Savoir perdre, odyssée intime d’une famille madrilène
Savoir perdre. David Trueba n’aurait pas pu trouver titre plus approprié pour qualifier l’accueil de son nouveau roman dans une rentrée littéraire qui a, plus que jamais, fait place aux noms les plus prometteurs du marché. Car si l’on a bien lu ici ou là sur Internet quelques critiques enthousiastes, les quotidiens et magazines nationaux qui “font” encore la vraie réputation d’un livre – et lui assurent des ventes confortables – sont restés plus que discrets sur un livre qui mérite, assurément, un soutien sans faille.
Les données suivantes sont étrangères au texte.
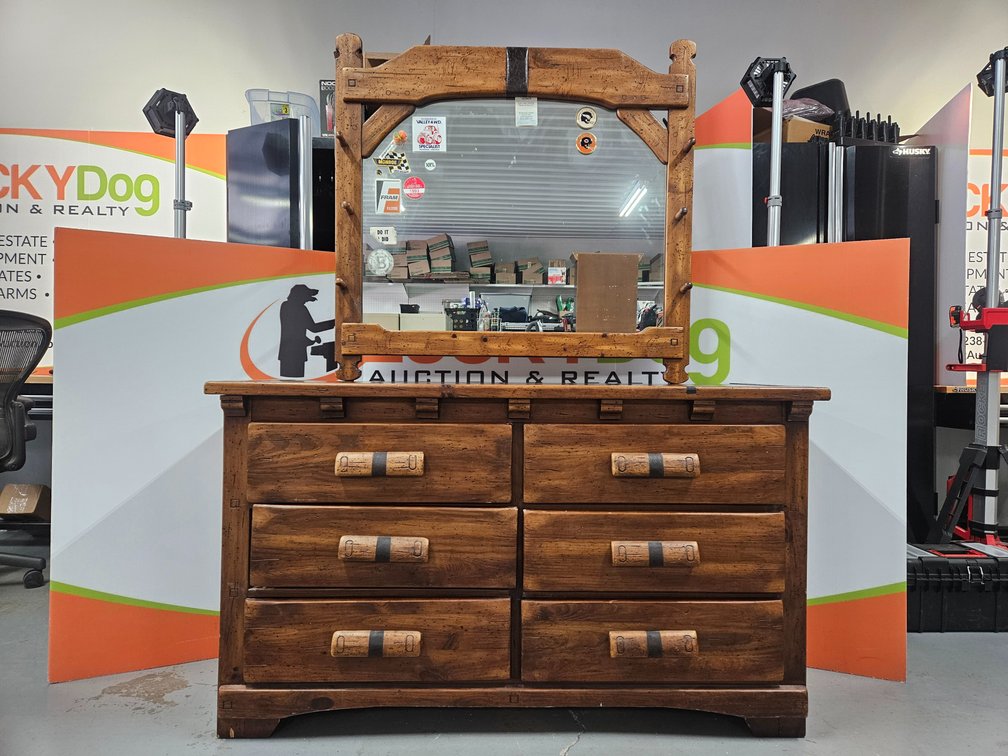 Link-Taylor Rawhide Dresser W/Mirror - Measures 72" Tall × 56" Wide × 20" Deep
Pour son troisième roman paru en France, David Trueba prouve en effet qu’il est l’un des auteurs espagnols les plus prometteurs du moment. De ceux qui savent transformer les petits riens du quotidien en objets littéraires de choix. Car Savoir perdre ne fait qu’une chose et une seule : suivre en 440 pages serrées le quotidien d’une famille madrilène ordinaire, frappée comme toute autre par les petits bonheurs et les vrais faux-pas de la vie. Et réussit par son brio à dessiner en creux un magnifique portrait intime de l’Espagne, sinon de l’Europe d’aujourd’hui.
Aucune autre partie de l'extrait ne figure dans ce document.